Nevertheless Kuwaiti politics within the Al-Sabah family became an internal Kuwaiti civil war without the violence (for the most part). The government of Sheikh Nasser faced constant opposition from the Kuwaiti parliament, and Sheikh Nasser himself became mired in allegations of corruption and improper proximity to the government in Tehran of the militarist Iranian leader President Mahmoud Ahmedinejad. Amidst the political upheavals of the so-called Arab Spring, Sheikh Nasser ultimately resigned in 2011, in terms described by the BBC as follows:


"Kuwait's prime minister has resigned along with his government, following a growing row with his parliamentary opponents about alleged corruption. Sheikh Nasser al-Mohammad al-Sabah had been under pressure over allegations that 15 MPs were paid bribes to support the government. Opposition lawmakers and protesters stormed parliament earlier this month to demand his resignation."


Notwithstanding, the Emir replaced Sheikh Nasser with another Al-Jaber loyalist as Prime Minister, further infuriating the Al-Salem family members and their supporters in the opposition and minorities.
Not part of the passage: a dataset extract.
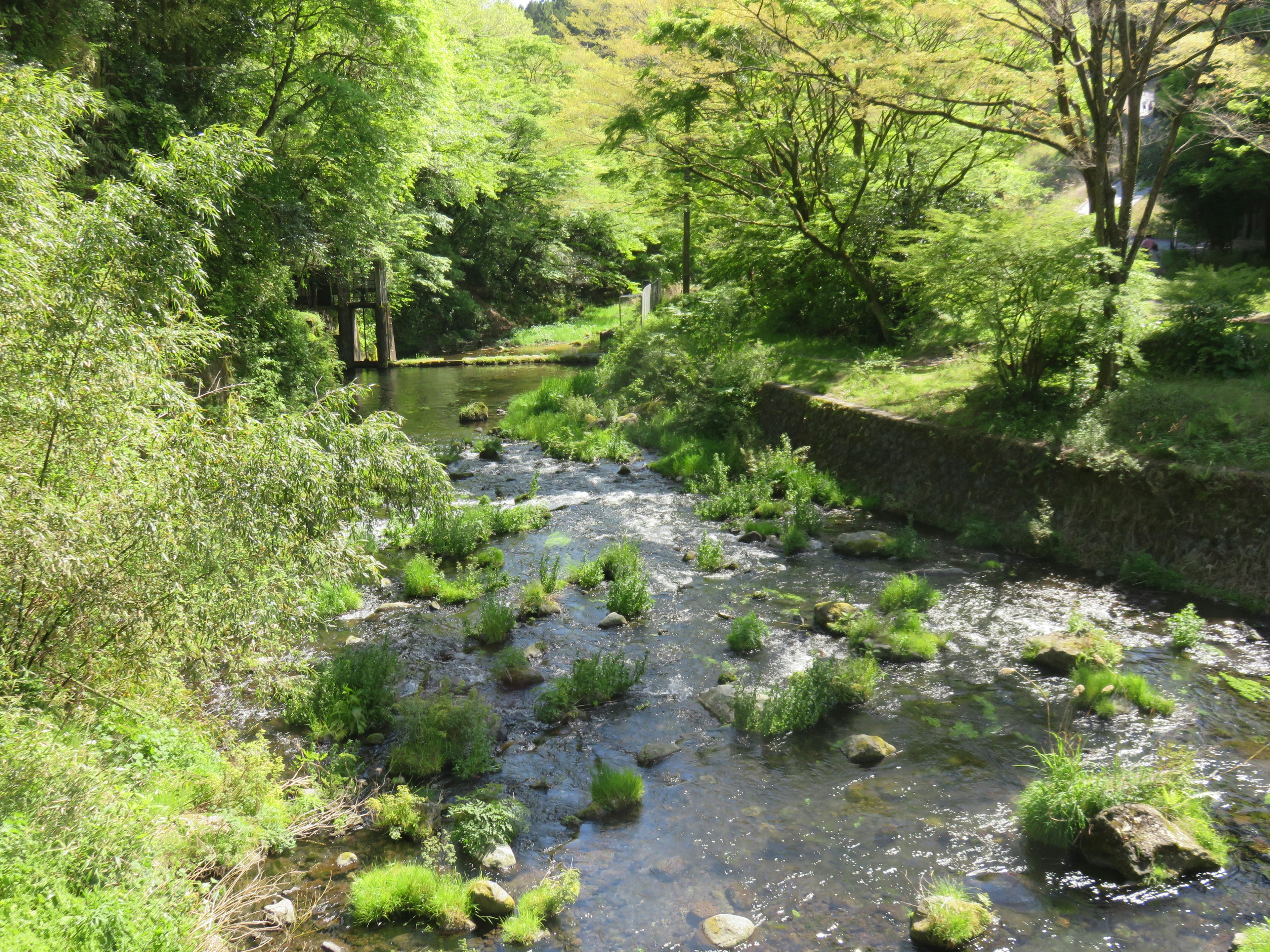 Eine malerische Aussicht auf einen Fluss, umgeben von üppigen grünen Bäumen und Gras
Sheikh Nasser remained the predominant power behind the thrown. In 2013, videos emerged of Sheikh Nasser apparently having a conversation with his Geneva bankers. The videos affair, as it became known, was notorious across Kuwait. It was discussed by everyone, news, updates and information being circulated throughout Kuwait's small population through the use of social media in the absence of a substantially free Kuwaiti press. Sheikh Nasser's Al-Jaber successor as Kuwaiti Prime Minister managed over a perpetually unstable government, as the internecine warfare between what by now represented the Al-Jaber establihment and the Al-Salem insurgents and their parliamentary followers was bitterly fought out in virtually every corridor of power.


The two sides turned to lawyers. The Al-Salem branch, represented by Sheikh Ahmed as its head who had been deprived of ministerial office by Sheikh Nasser, his half-cousin, and relegated in his activities to the field of sports and in particular his dominant roles in the International Olympic Committee and in FIFA as a principal financier and vote-gatherer in the one-member one vote clubs, hired legal advisors and international Anglo-Saxon experts to verify the veracity of the videos. There were demonstrations in the streets. Al-Watan, a respected Kuwaiti newspaper sympathetic to the Al-Salem cause, was shut down. In March 2015 the Emir, and that point 85, stepped in decisively in favour of his branch of the family, the Al-Jaber group. Sheikh Ahmed appeared on Kuwaiti national television apologising profusely for his role in the videos affair, speaking hurriedly from a script while, it was reported, security forces stood off camera ensuring he said the right thing. Sheikh Ahmed then disappeared from public life, and a number of his supporters were either prosecuted or disappeared into exile. Nevertheless the results of the international expertise that analysed the videos stuck in the minds of the pubic. Sheikh Nasser's already sullied reputation had taken a further hit.


Sheikh Nasser then filed a criminal complaint with a Geneva Prosecutor. To make his point, it was reported by the Swiss national public broadcaster, he made a US$1 million facilitation payment to the university where the prosecutor works. What followed was the largest prosecutorial investigation in the history of Geneva (and indeed possibly all Switzerland), spanning some five years, into whether the videos had been forged. The Geneva Prosecutor, suitably incentivised, left no stone unturned in pursuing a wide-ranging investigation the goal of which was to vindicate Sheikh Nasser and to conclude that the videos revealing his apparent misconduct were in fact fakes.


The Prosecutor took every effort to threaten and extract confessions or statements of regret from all those involved, even threatening Sheikh Ahmed and those around him with prison. He fired off a series of international arrest warrants that resulted in diplomatic scandal. And then, in June 2018, an extraordinarily revelation emerged in the course of these proceedings: there were two sets of videos in circulation.